The air intake pressure affects many engine characteristics such as the amount of fuel needed, vaporization and mixing of the fuel with the air, charge stratification, charge ignition, rate of burning, detonation, heat transport to the wall, deposition of carbon, exhaust gas pressure, exhaust gas recirculation, piston blowby, crankcase ventilation, and atmospheric pollution. Thus a gasoline engine's performance is necessarily compromised if it must operate over a wide range of air pressure.
Methods of engine torque control which eliminate the need to heavily throttle the air intake are disclosed in U.S. Pat. Nos. 2,771,867, 2,875,742, 2,878,798, 2,919,686, 3,100,478, 3,181,520, 3,756,205, 4,103,655 and 4,040,395. These methods reduce engine output torque by inhibiting the ration of fuel in a fraction of the combustion chamber cycles. All of the engines in these eight disclosures use fuel injector valves. In the engines of the last disclosures, the valves are electrically operated and the fraction of fuel rations which is skipped is varied through the intervention of an electronic fuel injection inhibitor.
When the engine must be operated with an output torque well below its maximum possible value, the injection inhibitor can be set for partial output torque. Then heavy air throttling is not needed and the throttle can be kept near the point of peak engine efficiency.
Inhibited fuel injection in these engines tends to prolong the life of the exhaust valves and the exhaust pipe. Moreover, cylinder cycles with inhibited fuel injection tend to either oxidize or cool any hot carbon deposits within the cylinder, thus discouraging preignition. This action is particularly effective at low torque levels that tend to develop carbon deposits in conventional engines.

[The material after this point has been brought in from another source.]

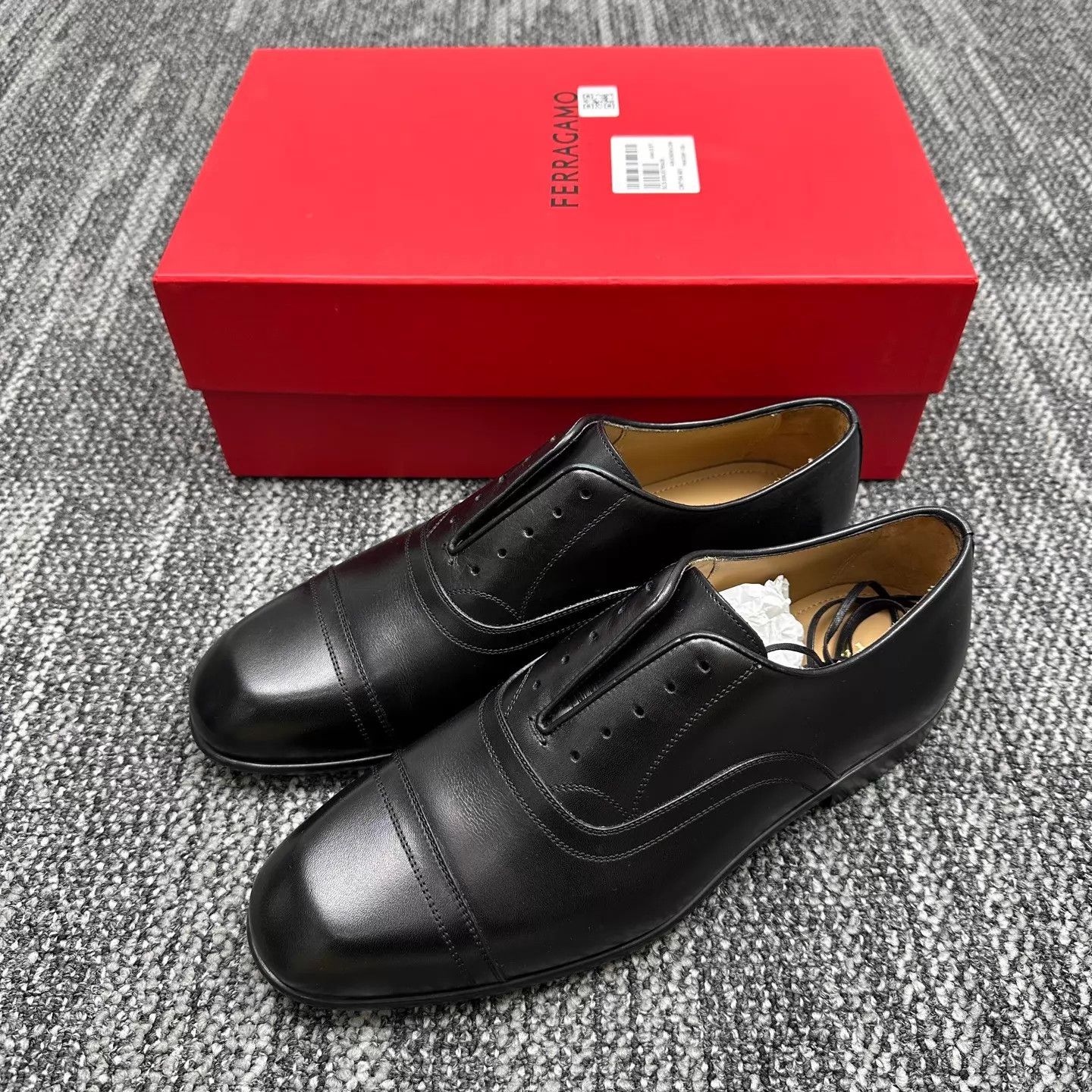 Salvatore Ferragamo FERRAGAMO Calfskin Double Stitch Dress Shoes 42.5 New Size US 8.5 / EU 41-42 - 1 Thumbnail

In engines with carburetors, fractional inhibition of fuel rations can be implemented by cutting off the air-fuel mixture to particular predetermined cylinders. Many engines using the principle have been built. Engines of this type are disclosed in U.S. Pat. Nos. 2,250,814 and 4,018,204 and in Popular Science, January 1977, page 70-72.
A difficulty with all of these engines having inhibited fuel rations is the uneven generation of power. This difficulty can be alleviated by using a rather heavy flywheel. Another difficulty is that these engines tend to vibrate excessively at low engine speeds.
If an internal combustion engine is not bolted down to a massive foundation, it tends to vibrate and to transmit its vibration to the environment. The forces producing vibration are classified as either gas forces or inertia forces. Of these, the inertia forces tend to increase in proportion to the square of the engine speed, and to be unaffected by fuel ration inhibition per se. The gas forces are approximately balanced, but they result in an uneven engine output torque, whose reaction on the engine tends to make the engine rock about an axis roughly parallel to the crankshaft axis. This engine rocking torque tends to be independent of engine speed, so that engine rock due to gas forces dominates at low engine speeds.
In order to reduce transmission of engine vibration to the environment, the engine is commonly mounted on a resilient support allowing it to rock, with a restoring couple giving it a natural rocking frequency lower than most engine frequencies. This arrangement works well at the higher engine speeds, but it may do more harm than good at a low engine speed for which a gas torque frequency coincides with the natural engine rocking frequency.
When an engine has a fraction of its fuel rations inhibited, the reduction of its average output torque is accompanied by an increase in some of its low frequency torque components. Thus at low engine speeds a considerable amount of mechanical vibration may be transmitted from an inhibited engine to its environment. If there is a flexible drive train between the engine and its load, excessive oscillation may develop in this drive train, especially at low engine speeds.